Le nouveau rôle des professeurs
Les enseignants doivent impérativement devenir des coachs ou des facilitateurs, afin de guider leurs étudiants dans plusieurs domaines clés :
- Les accompagner dans le tri et le décryptage du flot d’informations, sans filtres et sans contexte, auquel ils sont exposés quotidiennement.
- Leur enseigner la maîtrise des nouvelles technologies (notamment de l’IA générative) et leur apprendre à exploiter ces outils en tenant compte de leurs forces et de leurs limites.
- Les aider à mieux se connaître, pour qu’ils puissent devenir des leaders éthiques et responsables dans un monde qui change rapidement.

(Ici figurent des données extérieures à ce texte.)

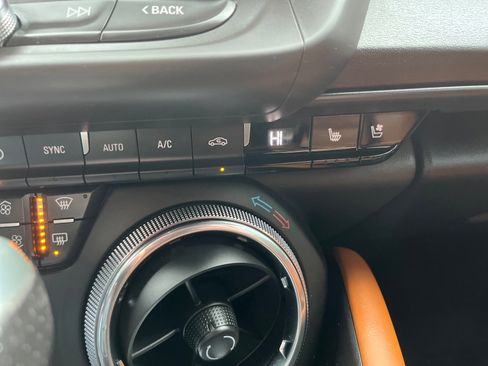 Used 2019 Chevrolet Camaro SS image 28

Dans tel contexte marqué par des transformations rapides, les leaders de demain doivent impérativement commencer par se comprendre eux-mêmes. La connaissance de soi est le socle de l’intelligence émotionnelle, une compétence indispensable pour prendre des décisions éthiques et gérer les équipes de façon responsable. Les individus équilibrés ayant une conscience aigüe de leurs valeurs, de leurs émotions et de leurs forces sont mieux armés pour agir avec intégrité et discernement en cas de difficultés. Ils sont également plus susceptibles de devenir des leaders empathiques, attentifs au bien-être de leurs équipes et à l’impact global de leurs actions.

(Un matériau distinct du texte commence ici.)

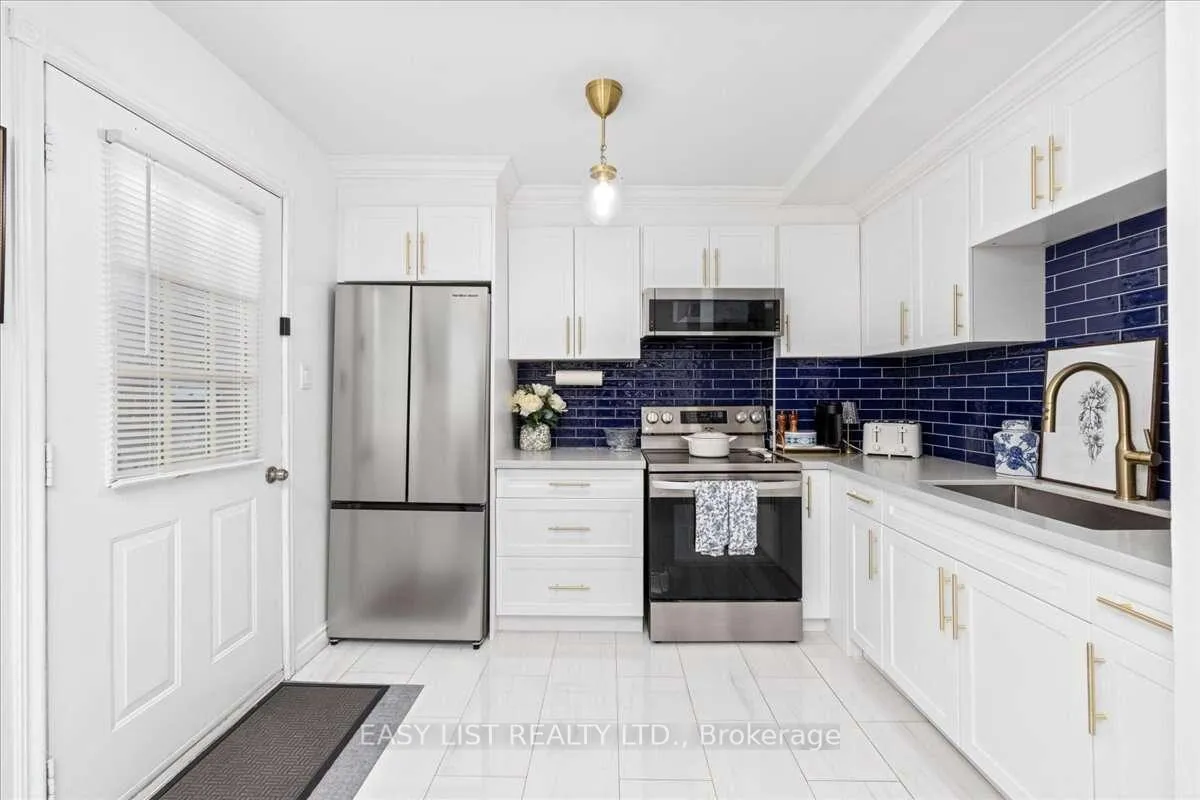 Photo 9 of 140 Ascot Avenue, Toronto, Corso Italia-Davenport — HOMEH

- Pour un professeur, revenir sur les fondamentaux des interactions humaines peut sembler incongru. Pourtant, dans une société où la technologie limite les contacts physiques et où nous privilégions WhatsApp ou les réseaux sociaux aux interactions directes, cette responsabilité leur revient. D’ailleurs, les jeunes n’ont jamais été aussi demandeurs. Les conclusions des consultations Youth Talks, organisées par la Higher Education for Good Foundation, vont d’ailleurs dans ce sens : les jeunes y expriment clairement leur souhait de multiplier les échanges authentiques au cours de leur cursus.
- Enfin, dans un monde saturé de données, il est indispensable d’enseigner aux étudiants des techniques d’analyse et de compréhension. Cela leur permettra d’exercer leur esprit critique face aux quantités massives d’informations auxquelles ils sont confrontés.
Nouveaux étudiants, nouvelles attentes
Bien entendu, tout cela doit être intégré dans le cadre spécifique de la matière enseignée. Finance, gestion, ressources humaines, entrepreneuriat ou autres : peu importe la matière qu’il enseigne, le professeur doit aujourd’hui faire preuve de polyvalence. Il a pour mission de bâtir un pont entre les connaissances techniques et les attentes plus larges des étudiants qui se préparent à prendre des responsabilités dans un monde toujours plus complexe.
En tant que directrice de Youth Talks, la plus grande consultation menée auprès des jeunes à ce jour, j’ai eu la chance de travailler main dans la main avec eux sur ces questions. Ensemble, nous avons échangé sur la transformation profonde que l’éducation doit entreprendre, une évolution qui ne se cantonne pas à la transmission d’informations, mais qui consiste à développer les compétences sociales et humaines des leaders de demain.
Faire face
Ce nouveau rôle est-il intimidant pour les professeurs ? Bien évidemment. Mais nous devons faire face à cette réalité sans tarder, car l’environnement éducatif actuel est invivable tant pour les étudiants que pour les enseignants. Pire encore, il ne prépare pas les jeunes au futur que nous devrions bâtir.
Dans un système défaillant où les enseignants-chercheurs privilégient souvent la recherche à l’enseignement (et où le manque de productivité en matière de recherche est fréquemment sanctionné par des heures d’enseignement supplémentaires), je ne suis pas convaincue que ce changement soit une grande perte. Au contraire, nous devons développer nos talents pédagogiques et former de futurs professionnels qui excelleront non seulement individuellement, mais également pour la société qu’ils devront bâtir afin d’assurer la survie de l’humanité.